IndicLink is a KG Fact Linking dataset that has sentences and their corresponding linked KG facts from WikiData. The dataset is collected as part of the publication - Multilingual Fact Linking (AKBC'21). The sentences are present in English and six Indian languages - Hindi, Telugu, Tamil, Urdu, Gujarati and Assamese. The descriptions of language-agnostic WikiData facts are also shared for the given languages. The English sentences and their facts are taken from the test set of WebRED and the sentences are translated into the different Indian languages by using the services of professional translators.
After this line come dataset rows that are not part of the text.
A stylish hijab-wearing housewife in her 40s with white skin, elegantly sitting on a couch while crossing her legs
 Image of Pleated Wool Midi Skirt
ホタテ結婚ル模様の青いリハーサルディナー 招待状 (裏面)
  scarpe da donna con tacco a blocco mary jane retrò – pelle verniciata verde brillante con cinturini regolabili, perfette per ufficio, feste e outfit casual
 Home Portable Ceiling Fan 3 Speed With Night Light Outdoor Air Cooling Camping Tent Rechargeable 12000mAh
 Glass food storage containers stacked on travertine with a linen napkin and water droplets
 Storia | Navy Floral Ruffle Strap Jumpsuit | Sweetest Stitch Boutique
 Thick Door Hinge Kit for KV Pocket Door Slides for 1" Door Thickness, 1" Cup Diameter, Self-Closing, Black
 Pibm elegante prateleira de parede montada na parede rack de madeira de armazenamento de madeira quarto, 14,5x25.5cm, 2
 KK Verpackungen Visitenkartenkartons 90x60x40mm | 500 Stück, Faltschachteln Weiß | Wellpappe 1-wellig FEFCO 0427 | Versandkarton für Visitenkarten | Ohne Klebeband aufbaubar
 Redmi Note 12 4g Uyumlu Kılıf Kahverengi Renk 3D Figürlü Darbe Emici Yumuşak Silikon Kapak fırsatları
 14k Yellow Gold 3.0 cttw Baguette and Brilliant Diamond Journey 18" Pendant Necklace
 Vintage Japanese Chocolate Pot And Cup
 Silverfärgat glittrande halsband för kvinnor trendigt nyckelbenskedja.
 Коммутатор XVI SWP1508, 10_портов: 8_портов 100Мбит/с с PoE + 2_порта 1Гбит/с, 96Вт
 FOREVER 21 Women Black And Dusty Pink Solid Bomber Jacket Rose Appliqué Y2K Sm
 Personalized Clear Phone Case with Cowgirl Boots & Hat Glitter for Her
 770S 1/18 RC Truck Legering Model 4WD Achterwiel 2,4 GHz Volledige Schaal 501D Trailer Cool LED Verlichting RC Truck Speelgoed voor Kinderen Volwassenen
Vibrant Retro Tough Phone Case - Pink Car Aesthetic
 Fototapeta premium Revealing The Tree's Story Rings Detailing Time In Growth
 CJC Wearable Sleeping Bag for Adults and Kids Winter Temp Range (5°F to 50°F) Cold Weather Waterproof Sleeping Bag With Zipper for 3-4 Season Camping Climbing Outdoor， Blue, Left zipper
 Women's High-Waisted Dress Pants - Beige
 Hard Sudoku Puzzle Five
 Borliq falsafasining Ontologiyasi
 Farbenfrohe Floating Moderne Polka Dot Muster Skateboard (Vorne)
If you use this dataset, please cite:
@article{kolluru2021mfl,
title={Multilingual Fact Linking},
author={Keshav Kolluru and Martin Rezk and Pat Verga and William Cohen and Partha Talukdar},
year={2021},
journal={Automated Knowledge Base Construction (AKBC)}
}
The distribution of examples across different languages are as follows:
IndicLink | English | Hindi | Telugu | Tamil | Urdu | Gujrati | Assamese |
---|---|---|---|---|---|---|---|
#Test Examples | 1002 | 889 | 888 | 881 | 1001 | 881 | 887 |
#KG Facts | 4.6M | 230K | 145K | 248K | 361K | 91K | 257 |
The oracle set of 4.6 million KG facts correspond to all facts that occur in the top-1 million most frequent WikiData entities. Their textual descriptions are always available in English but only sparsely available in other languages.
This data is licensed by Google LLC under a Creative Commons Attribution 4.0 International License. Users will be allowed to modify and repost it, and we encourage them to analyze and publish research based on the data.